• Instructions for the task
As the answer, give every line of the records that includes the word "White".

*** Material for the task ***

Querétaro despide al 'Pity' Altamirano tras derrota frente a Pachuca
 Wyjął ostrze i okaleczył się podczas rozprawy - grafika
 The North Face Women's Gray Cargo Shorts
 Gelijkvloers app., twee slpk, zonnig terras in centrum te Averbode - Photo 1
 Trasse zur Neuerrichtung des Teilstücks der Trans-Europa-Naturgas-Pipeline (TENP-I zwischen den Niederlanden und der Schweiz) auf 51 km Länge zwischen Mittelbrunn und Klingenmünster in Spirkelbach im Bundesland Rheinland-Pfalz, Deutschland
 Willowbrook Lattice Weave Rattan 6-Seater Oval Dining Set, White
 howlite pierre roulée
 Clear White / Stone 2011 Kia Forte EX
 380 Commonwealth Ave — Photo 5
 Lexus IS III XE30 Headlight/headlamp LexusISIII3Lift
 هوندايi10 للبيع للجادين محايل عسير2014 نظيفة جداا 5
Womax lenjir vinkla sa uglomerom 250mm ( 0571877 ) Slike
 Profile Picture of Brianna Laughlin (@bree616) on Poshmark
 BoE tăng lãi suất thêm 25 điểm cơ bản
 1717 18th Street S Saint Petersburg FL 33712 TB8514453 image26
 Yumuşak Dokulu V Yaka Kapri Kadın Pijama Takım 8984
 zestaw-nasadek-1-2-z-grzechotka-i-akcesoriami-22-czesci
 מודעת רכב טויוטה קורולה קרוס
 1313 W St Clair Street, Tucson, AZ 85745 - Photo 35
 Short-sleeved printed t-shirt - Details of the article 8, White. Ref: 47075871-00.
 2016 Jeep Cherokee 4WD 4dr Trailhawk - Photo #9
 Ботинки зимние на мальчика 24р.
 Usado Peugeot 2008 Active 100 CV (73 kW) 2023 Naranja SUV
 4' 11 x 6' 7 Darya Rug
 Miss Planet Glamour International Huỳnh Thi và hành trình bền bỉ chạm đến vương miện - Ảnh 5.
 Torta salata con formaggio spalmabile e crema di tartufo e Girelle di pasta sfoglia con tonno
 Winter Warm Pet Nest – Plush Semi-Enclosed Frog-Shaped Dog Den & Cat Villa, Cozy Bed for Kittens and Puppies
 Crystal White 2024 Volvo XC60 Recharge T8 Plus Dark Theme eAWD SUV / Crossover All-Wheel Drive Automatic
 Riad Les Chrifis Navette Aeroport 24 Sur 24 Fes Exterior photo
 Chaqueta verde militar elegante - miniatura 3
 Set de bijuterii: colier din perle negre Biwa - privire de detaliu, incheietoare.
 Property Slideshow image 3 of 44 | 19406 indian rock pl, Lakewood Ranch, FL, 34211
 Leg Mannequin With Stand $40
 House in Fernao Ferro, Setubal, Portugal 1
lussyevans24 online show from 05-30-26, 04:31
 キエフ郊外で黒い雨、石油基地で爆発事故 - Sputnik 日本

*** End of Material for the task ***

• Answer
 Willowbrook Lattice Weave Rattan 6-Seater Oval Dining Set, White
 Clear White / Stone 2011 Kia Forte EX
 Short-sleeved printed t-shirt - Details of the article 8, White. Ref: 47075871-00.
 Crystal White 2024 Volvo XC60 Recharge T8 Plus Dark Theme eAWD SUV / Crossover All-Wheel Drive Automatic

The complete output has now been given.